Zero to JupyterHub with Ansible

tl;dr: In this post we’re going to show you how to deploy your own self-healing, Kubernetes-managed JupyterHub cluster on Amazon Web Services using the infrastructure automation tool Ansible.

Jupyter Notebooks make it easy to capture data-driven workflows that combine code, equations, text, and visualizations. JupyterHub is an analysis platform that allows astronomers to run notebooks, access a terminal, install custom software and much more. The JupyterHub environment is rapidly becoming a core part of the science platforms being developed by LSST, NOAO, SciServer, and here at STScI.

If you want to create a new JupyterHub environment, there’s a popular community guide ‘Zero to JupyterHub’ which walks you through, step by step how to create a JupyterHub deployment (managed by Kubernetes) on a variety of different platforms.

As great as this guide is, there’s a lot of copying and pasting required and even for someone experienced, it takes a good hour or two to create a new cluster.

In this blog post we’re going to walk you through a new resource we’ve recently released to the community which is essentially the Zero to JupyterHub guide but as an executable Ansible playbook.
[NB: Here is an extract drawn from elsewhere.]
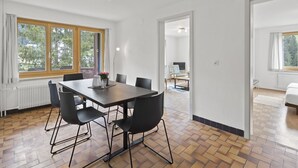 Un comedor moderno con una mesa rectangular, seis sillas negras y un jarrón con flores. Se observan amplias ventanas con cortinas, un radiador y una lámpara en el techo.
By following this guide, building a new JupyterHub cluster can be done with a a single command and takes about 5 minutes.

At the end of this playbook you’ll have a basic JupyterHub installation suitable for use within a research group or collaboration.

Some definitions

Before we get stuck in to the actual guide, it’s worth spending a moment defining some of the terms/technologies we’re going to be using here today.

Jupyter Notebooks: The file format for capturing data-driven workflows that combine code, equations, text, and visualizations.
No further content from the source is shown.